The Nepali Tihar Festival honors many things, but the second day of this five-day festival is dedicated entirely to one thing: man’s best friend. On that day, called Kukur Tihar, dogs in any given area are celebrated as physical manifestations of the Hindu god Bhairav, in furrier form, of course. Learn more about the ins and outs of the Nepal dog festival and how it celebrates and honors our favorite four-legged friends:
The Festival Itself
Although the Tihar festival is commonly called the Nepal “dog festival”, it is actually much more than that. The festival honors everything from humans and gods to animals such as crows, cows and dogs. These animals are worshiped due to their longstanding, devoted and symbiotic relationships with humans and are honored in various ways.
During the festival, the people of Nepal use colored rice to draw special shapes onto their living room floors or into their courtyards, which are intended to be virtual welcoming mats for a wide variety of gods and deities.
Garlands of Flowers and Sacred Markings
On the second day of the Tihar festival, all dogs in attendance at are dressed in colorful flower garlands, which mark them as holy and help signify man’s gratitude at the relationship between dog and human. After the garlands have been applied, the dog’s foreheads and often their paws are marked with red or orange powder, called tika. This is a common practice in Nepal that denotes the marked person or animal as sacred. The dogs are also treated to a shower of falling flower petals, often from Marigolds, which is offered as a showing of gratitude.

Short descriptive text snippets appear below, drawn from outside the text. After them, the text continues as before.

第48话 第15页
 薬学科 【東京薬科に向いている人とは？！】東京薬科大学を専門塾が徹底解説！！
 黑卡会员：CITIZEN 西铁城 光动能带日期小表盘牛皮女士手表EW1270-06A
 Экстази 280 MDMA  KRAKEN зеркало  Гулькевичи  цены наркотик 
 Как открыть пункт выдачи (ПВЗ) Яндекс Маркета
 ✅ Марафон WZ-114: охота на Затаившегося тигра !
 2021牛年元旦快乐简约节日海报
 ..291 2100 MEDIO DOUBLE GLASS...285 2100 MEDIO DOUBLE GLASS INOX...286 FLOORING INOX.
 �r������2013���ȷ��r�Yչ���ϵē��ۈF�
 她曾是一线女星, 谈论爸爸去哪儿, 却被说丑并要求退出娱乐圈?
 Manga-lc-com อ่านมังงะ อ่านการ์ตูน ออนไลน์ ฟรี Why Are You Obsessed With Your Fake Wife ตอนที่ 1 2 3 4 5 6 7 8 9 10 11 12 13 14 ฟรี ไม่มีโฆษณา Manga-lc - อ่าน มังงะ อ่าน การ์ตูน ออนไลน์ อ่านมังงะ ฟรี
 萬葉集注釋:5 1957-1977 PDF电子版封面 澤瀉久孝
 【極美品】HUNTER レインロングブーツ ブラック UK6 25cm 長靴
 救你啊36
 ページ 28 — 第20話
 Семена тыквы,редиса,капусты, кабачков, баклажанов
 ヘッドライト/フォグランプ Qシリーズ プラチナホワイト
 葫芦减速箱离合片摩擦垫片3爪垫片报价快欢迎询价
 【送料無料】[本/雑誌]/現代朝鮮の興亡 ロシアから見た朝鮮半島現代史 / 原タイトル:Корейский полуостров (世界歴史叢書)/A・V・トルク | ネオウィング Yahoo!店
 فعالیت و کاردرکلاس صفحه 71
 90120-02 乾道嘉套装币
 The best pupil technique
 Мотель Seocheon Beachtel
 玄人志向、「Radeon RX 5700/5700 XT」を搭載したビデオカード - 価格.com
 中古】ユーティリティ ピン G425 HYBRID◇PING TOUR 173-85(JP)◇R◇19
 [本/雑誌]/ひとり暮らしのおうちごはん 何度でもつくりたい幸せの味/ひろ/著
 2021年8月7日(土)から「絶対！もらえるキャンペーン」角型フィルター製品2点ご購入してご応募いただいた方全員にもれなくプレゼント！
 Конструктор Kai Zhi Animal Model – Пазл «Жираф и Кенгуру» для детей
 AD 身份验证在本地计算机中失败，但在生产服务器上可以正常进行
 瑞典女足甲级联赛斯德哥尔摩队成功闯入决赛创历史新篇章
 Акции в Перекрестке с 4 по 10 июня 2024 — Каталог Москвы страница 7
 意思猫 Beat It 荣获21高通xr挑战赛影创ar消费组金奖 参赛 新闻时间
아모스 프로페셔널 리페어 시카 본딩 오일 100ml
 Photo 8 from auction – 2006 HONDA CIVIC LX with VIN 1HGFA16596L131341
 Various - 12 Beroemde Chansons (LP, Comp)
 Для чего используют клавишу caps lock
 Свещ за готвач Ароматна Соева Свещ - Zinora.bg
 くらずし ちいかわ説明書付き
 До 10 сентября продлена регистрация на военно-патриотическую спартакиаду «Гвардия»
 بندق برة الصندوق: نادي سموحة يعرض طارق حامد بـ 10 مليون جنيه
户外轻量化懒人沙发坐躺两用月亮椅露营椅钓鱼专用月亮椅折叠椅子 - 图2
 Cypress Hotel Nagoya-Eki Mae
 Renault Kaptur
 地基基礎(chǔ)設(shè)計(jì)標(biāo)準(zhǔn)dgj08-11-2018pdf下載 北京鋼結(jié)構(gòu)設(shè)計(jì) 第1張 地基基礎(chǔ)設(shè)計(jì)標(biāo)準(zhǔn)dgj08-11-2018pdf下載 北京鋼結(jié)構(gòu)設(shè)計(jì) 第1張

Although dogs are valued companions in Nepal, they are not often doted on as they are during Kukur Tihar. During the festival, dogs are treated to a wide variety of special food, which is geared toward further thanking them for their service, loyalty and love. Many people cook for days beforehand to provide all the area’s dogs with a special feast on the day of the festival.
The Tihar festival appeals to dog lovers worldwide due to its spirit of celebration and gratitude. Although the second day of the festival, Kukur Tihar, is a tradition that developed in Nepal, it has since been adopted by cultures worldwide. Although the traditions vary, the focus of the Nepal dog festival and others like it is to thank our four-legged friends for their service, loyalty and love throughout the centuries.
Many U.S. cities have smaller celebrations dedicated to celebrating dogs and their friendship and many canine pet parents around the country have become involved in these. Generally, the traditions of flower garlands and sayings of thanks abound, although each celebration does it slightly differently. If you are interested in reserving a special day for your furry friend, look into your local listings to find a version of the Kukur Tihar festival near you.